Hello, and welcome to the Armenian News Network, Groong, Week in Review. We’re recording this show on Monday, November 8, 2021. This week we’re going to talk about the following major topics:

      The War in Artsakh, One Year Later

      Erika Olson visits the South Caucasus

      Internal political developments


To talk about these issues, we have with us:


Benyamin Poghosyan, who is the Chairman of the Yerevan based think tank Center for Political and Economic Strategic Studies, He was deputy director of the Institute for National Strategic Studies at the Ministry of Defense from 2010 to 2016 and the Vice President for Research, at the National Defense Research University from 2016 to 2019.

Topics This Week

The War in Artsakh: One year later


Taking Stock

It’s been one year since the tripartite statement of November 9, 2020 signaling the cease fire in the war in Artsakh. Despite the ceasefire stopping heavy fighting and despite Nikol Pashinyan pledging an “era of peace in the region”, there are many areas of uncertainty which we’ve consistently covered over the last year.

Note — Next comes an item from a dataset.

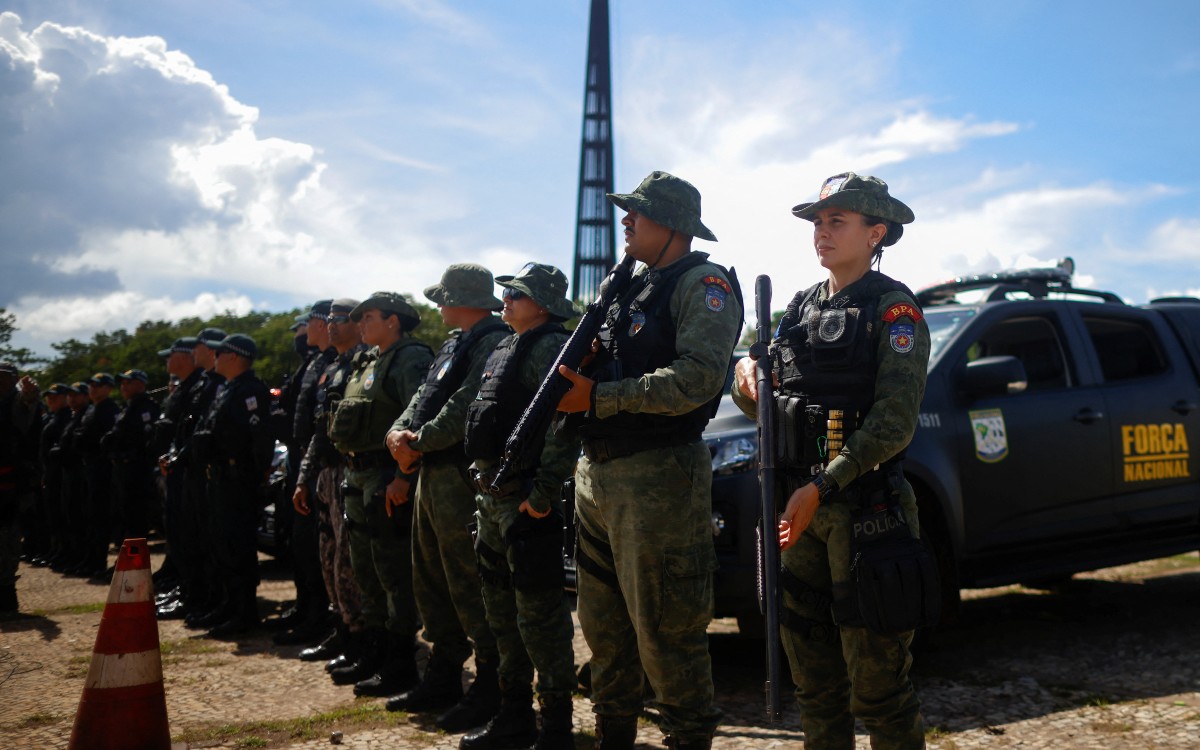 Brasil en alerta ante amenaza de más ataques golpistas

What is the state of affairs and assessment of the post-war processes, nearly one year later?

           To date, despite promises by Nikol Pashinyan, there’s no serious and impartial committee or process to investigate the failures that led to the war and its disastrous outcome.

           Our POWs are still in Baku.

           We lost swaths of strategic land AFTER the ceasefire under murky circumstances. Populated villages were split in half.

           Nikol Pashinyan himself stated in a recent interview that despite the ceasefire, things are not entirely quiet on the border with Azerbaijan, both in Artsakh and Armenia proper. In fact, Azerbaijani attacks against Artsakh seem to have gotten more brazen:

           On October 9, an Azerbaijani sniper shot an Armenian tractor driver working on his field with a Russian peacekeeper sitting in the passenger seat.

           Just today, on the road from Sepanakert to Shushi,  one more civilian was shot dead in broad daylight. This area is known to have a heavy peacekeeper presence.

      There’s uncertainty around the status of the roads that Armenia plans to connect from Azerbaijan proper to Nakhijevan.


Pashinyan’s interview on Armenian Public TV

      Pashinyan’s interview on Armenian Public TV

      On Point 9 of the statement

      He says that existing communication routes should be used and if in the course of utilization the need arises (such as when the amount of freight cargo is too voluminous), then new roads should be constructed.

      Also mentioned that communication (from Armenia through Azerbaijan) should be established not only with Russia and Iran , but also Turkey.

      What is the significance of this statement?

      On the 3+3 format:

      He said: “Armenia is interested in all forms of regional cooperation. The problem is in the details. … The 3+3 format should not have on its agenda issues which are already being discussed through other formats, specifically on issues of opening regional communications and regulation of the Nagorno-Karabakh issue... ”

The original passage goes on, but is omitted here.